El tono y la intensidad lírica de estos ‘Diarios’ resultan en conjunto bastante caóticos, ignoro si el mérito es obra de la autora o de la selección de fragmentos llevada a cabo por la traductora Selma Ancira. Lo mejor del libro son ciertos fogonazos líricos, como de una cabeza que ya no rula o funciona bien, sometida a los embates de unas circunstancias adversas. La hambruna de Moscú, con una escena repulsiva de una especie de almacén o cripta de patatas podridas, donde

Marina escarba buscando comida, y casi simultáneamente, se nos cuenta dónde está la casa de los Rostov, en ‘Guerra y paz’, o el entierro del actor Stajovich, autor de aforismos rusos, como "savoir- mourir", versión rusa del francés "savoir-vivre", despedido por un discurso de Stanislavski, el creador del Teatro del Arte, donde se estrenaron todas las tragicomedias de Chéjov.

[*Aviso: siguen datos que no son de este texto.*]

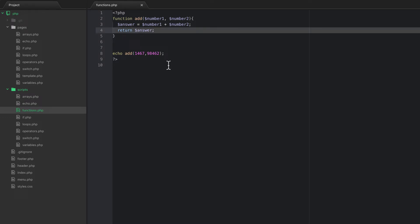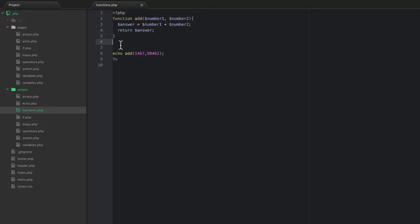The components of a function: type the word 'function', give it a name, open and close parentheses with a comma-separated list of parameters inside, do any manipulation you want with those parameters inside the curly braces, and then return something at the end — though returning is optional, most functions will return something.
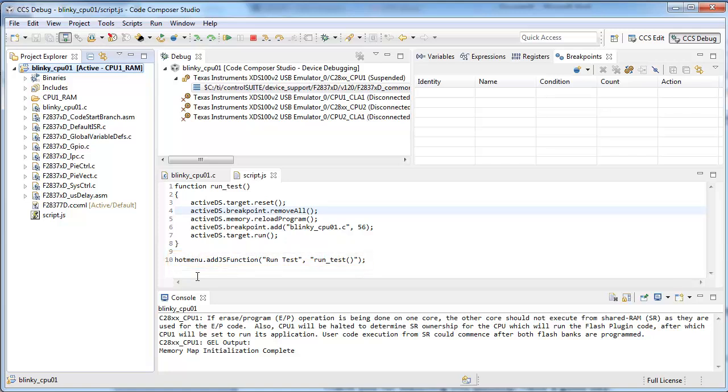In this example, I will have a function runTest be callable from the Scripts menu, and that menu item will be called runTest.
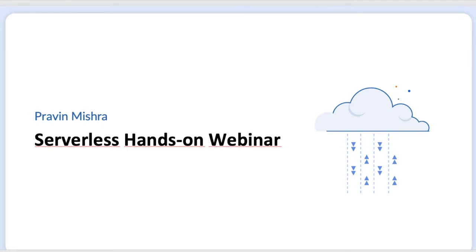Okay, we are ready to go. First of all, thanks a lot for making time and joining me on Saturday morning. As you know, this session is all about serverless and we are going to do hands-on. I'm going to give you a hands-on session and walkthrough of how we use AWS serverless services like API Gateway.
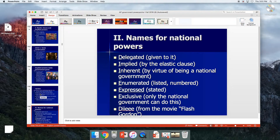The acronym for national powers is DIE: Delegated means given to the national government by the Constitution, Implied by the elastic clause, Inherent powers by virtue of being a national government. Enumerated powers are the listed ones — expressed means stated, exclusive means only the national government can do it, for example, printing money.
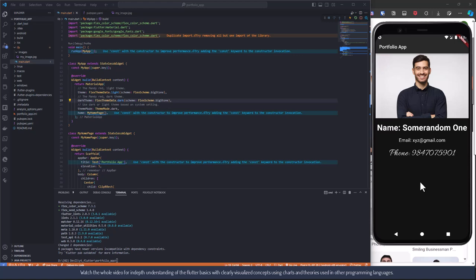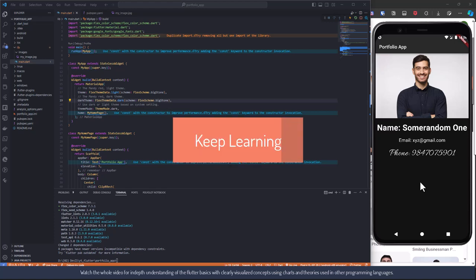This is our completed portfolio app. We have seen shortcuts widely used like Ctrl+Space, and we have covered the theory of Flutter in detail. Thank you so much for watching.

Hay una escena deliciosa entre Marina y el actor Stajovich. Ambos se admiran mutuamente, pero esa admiración nace de un equivoco hilarante. El actor se sabe de memoria mil versos, pero su memoria no está muy fina, no recuerda bien los versos de Marina, y le pide que ella se los recite. El gran actor quizá finge, los actores ya se sabe, fingen en escena, y fuera de ella. Como casi todo el mundo. No en vano, en inglés se dice "play", en francés "jouer", los actores juegan a fingir.


La escena es muy divertida y Marina la resuelve con una frase que concentra todo el humor negro ruso del mundo. "¡Yo no he escrito esos versos y él no los recuerda!". Dan ganas de remachar la escena con los versos de Rilke: también los dioses necesitan echar unas risas. Marina se consideraba una alemana rusa, pero había vivido también en Francia, y cita unos versos de Lamartine, "pauvre ange qui perdra son ciel". Y en cierto modo, pese a la caoticidad fragmentaria del conjunto del libro, advierte uno algunas felices conexiones en el curso de este viaje infernal por la Revolución moscovita de 1917. Por ejemplo, en la cripta de las patatas, se nos pinta a dos armenios que armados de una balanza, pesan los tubérculos putrefactos, y Marina nos dice con ojo de lince lírico.


Uno de ellos llevaba una capa blanca, que con el roce pringoso de las patatas arcillosas, parece una hiena moteada. Y añade este deliciosa perversidad, parecía el Arcángel en el Juicio Final, pesando las almas de justos e injustos. Un arcángel comunista.


En suma, un libro que, pese a ser muy fragmentario, contiene algunas páginas dignas de muy atenta lectura.